Meglio il palcoscenico dei teatri o quello televisivo?
“L’idea è quella di infrangere la quarta parete, uscire dallo schermo che mi ha congelato. La televisione può impedirmi di andare in onda, il teatro invece non può farlo. Sul palco si rompono le barriere, si avvicinano le persone e si può narrare con libertà”.
Ci sono state forti polemiche per il programma estromesso dal palinsesto della Rai. Eppure il riconoscimento di qualità e audience era evidente…

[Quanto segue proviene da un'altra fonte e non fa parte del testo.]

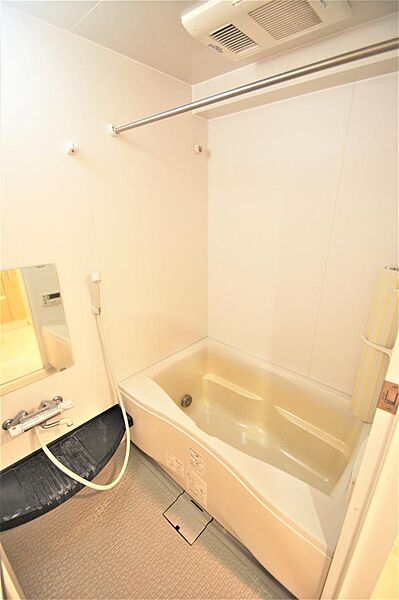 画像13:バスルームは広く快適にご利用いただけます。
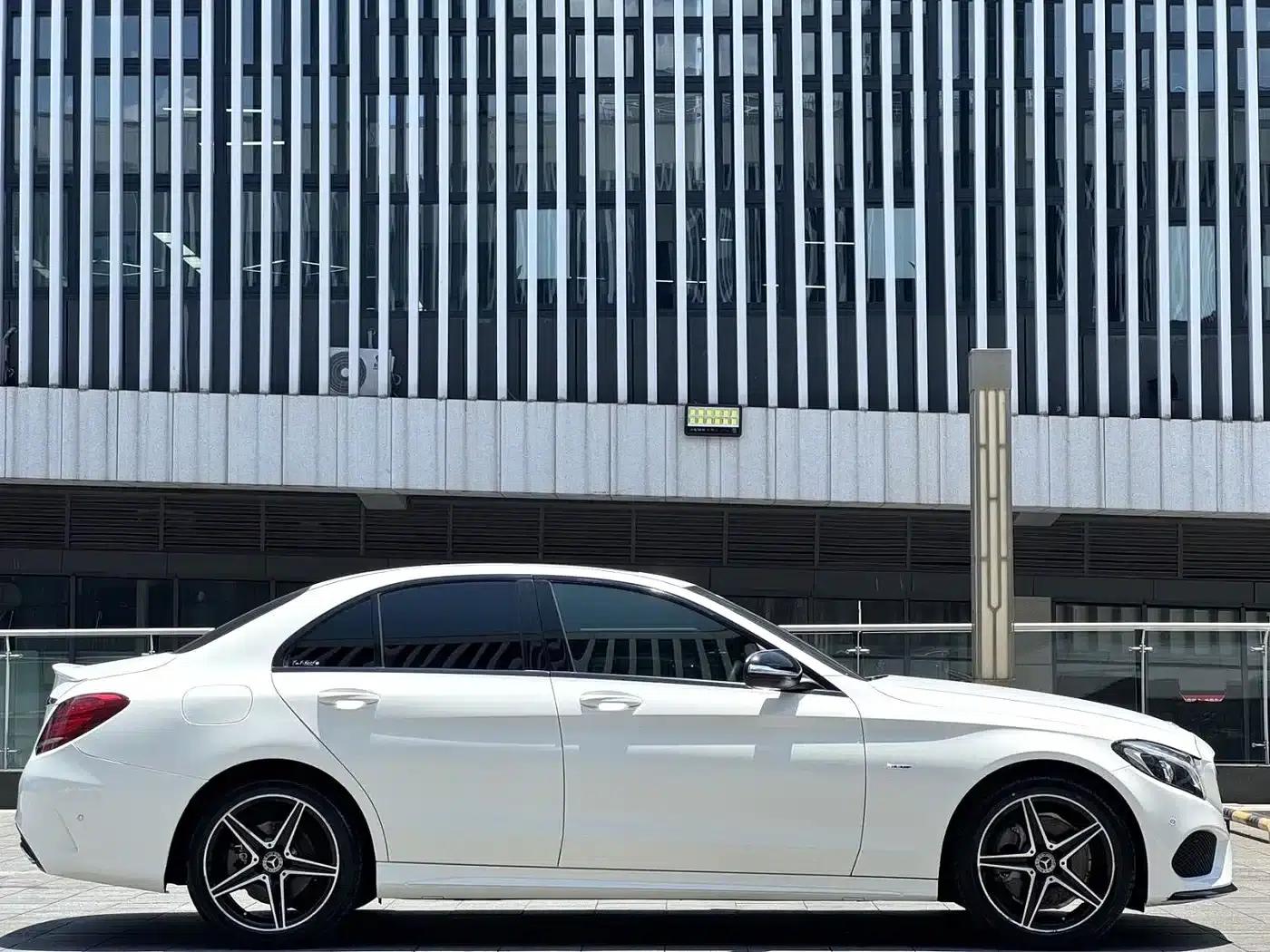 Mercedes-Benz C-Class 2018 C 200 Achievement Edition — миниатюра 4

“Credo che la tv abbia perso identità, è come se avesse smarrito l’orientamento. Chi la gestisce non ha evidentemente l’esigenza di mantenere il rapporto con i telespettatori attraverso programmi che, in tanti anni, hanno raccontato la società. Io, ad esempio, ho parlato dell’identità di genere più di dieci anni fa. Un argomento che all’epoca non passava in tv. Ho affrontato temi ambientali, legati alla mancanza di giustizia, ai diritti delle minoranze. Oggi c’è appiattimento sui talk, hanno rosicchiato spazi che appartenevano a reportage e, questo ha creato una distanza con il pubblico”.
La Rai l’ha più cercata?
“In questo periodo ci sono state interlocuzioni. Personalmente trovo assurdo che un programma identitario di una rete non venga più preso in considerazione. Non vorrei andare altrove, ho avuto altre proposte ma, non devo snaturare me stesso. Aspetto che la Rai mi dica di ricominciare a lavorare”.
In queste ore in Rai ci sono polemiche sulle ospitate ben pagate di Fabrizio Corona. Ma queste scorciatoie basta per recuperare lo share in calo di questo inizio stagione?

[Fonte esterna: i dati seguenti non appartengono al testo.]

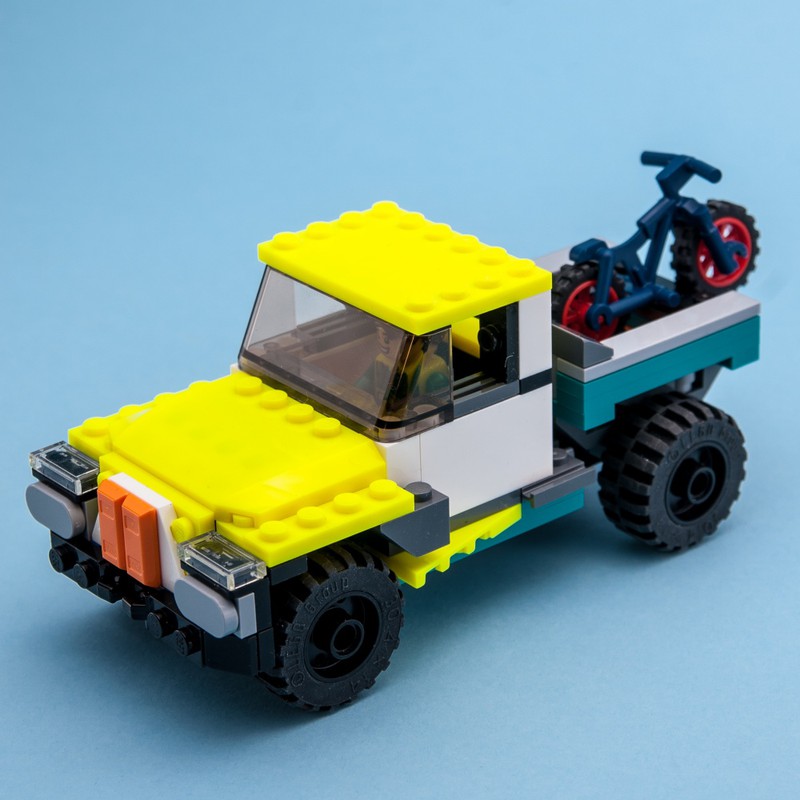 Custom White Work Van Model Made and Compatible with LEGO® Bricks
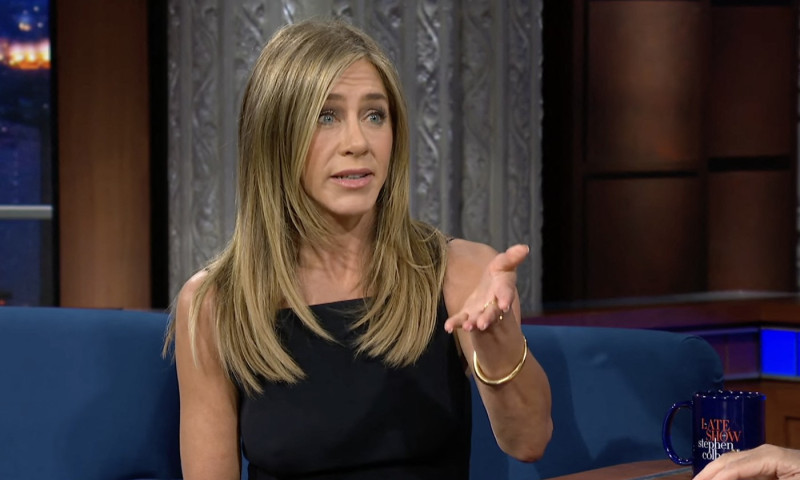 Jennifer Aniston est en promotion pour &quot;The Morning Show&quot; sur l&apos;émission de Stephen Colbert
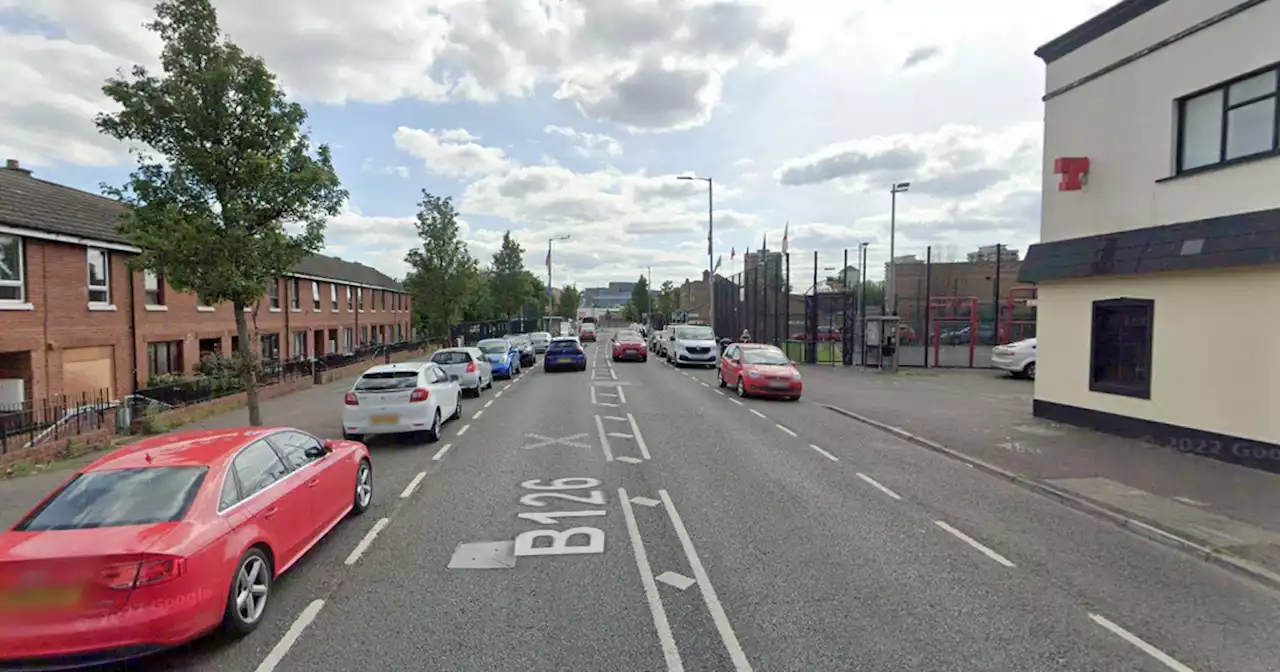 Man has 'knife held to throat' during armed robbery in Belfast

“Ma questo è un espediente, come molti altri. Si crea clamore ma, alla fine di quella roba lì rimane pochissimo. Le trasmissioni più che lo scoop dovrebbero cercare identità”.
Di fronte alle grandi crisi internazionali ma anche socio-culturali del nostro Paese l’informazione italiana è all’altezza del suo compito o è risucchiata essa stessa nella crisi?

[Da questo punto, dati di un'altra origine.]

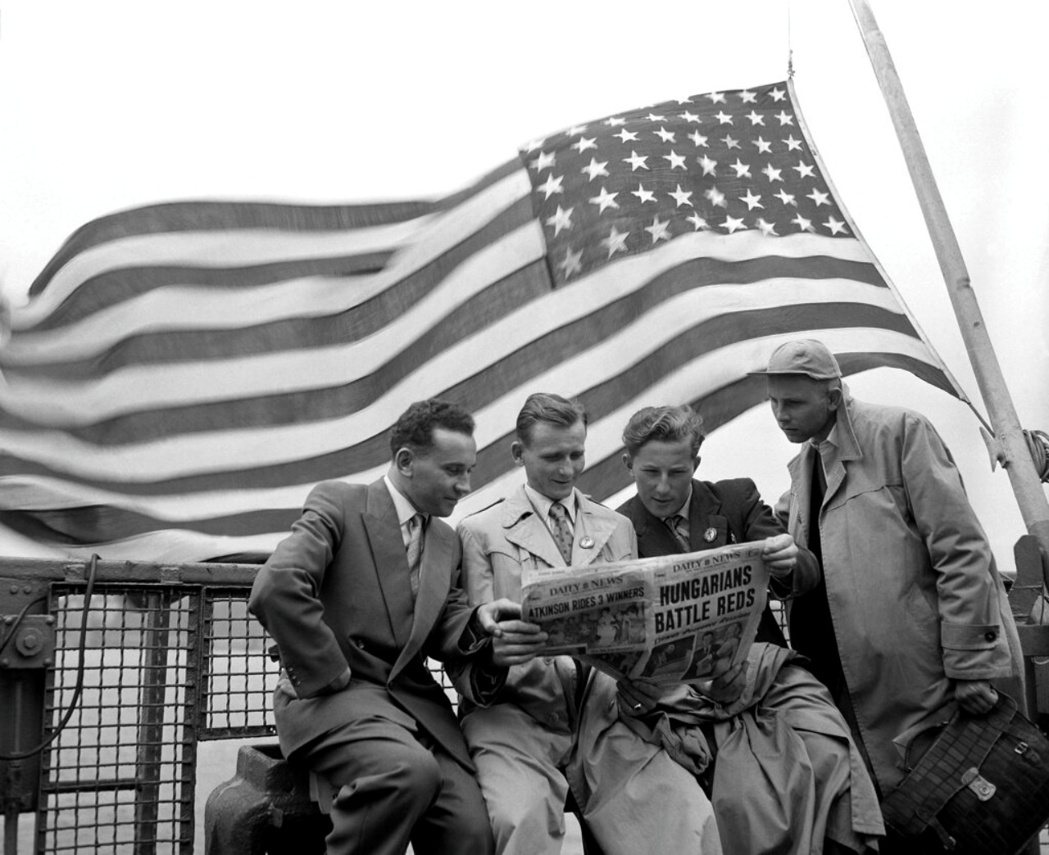 1956年10月24日，四名匈牙利難民抵達紐約時，透過報章了解家鄉正發生的革命與...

“Viviamo una fase in cui la tv non sa essere libera e sganciata dalla politica. I programmi sono soggiogati da un’unica visione e questo è pericoloso perchè non si raccontano tutte le verità”.
Un altro punto del suo lavoro giornalistico è il linguaggio. Quanta ricerca serve per trovarne uno nuovo?
“Ho affinato un meccanismo che mi permetteva di essere empatico, ma quello lo sono per natura. Per questo la narrazione avanza con naturalezza. La ricerca serve, ma ancora di più serve non fare mai manipolazioni”.
Il tour nei teatri è sold out ovunque: dove sarà possibile vederla?
“Ho 25 date da Sud a Nord e questo mi fa capire che c’è sete di non spegnere la luce su “Che ci faccio qui”.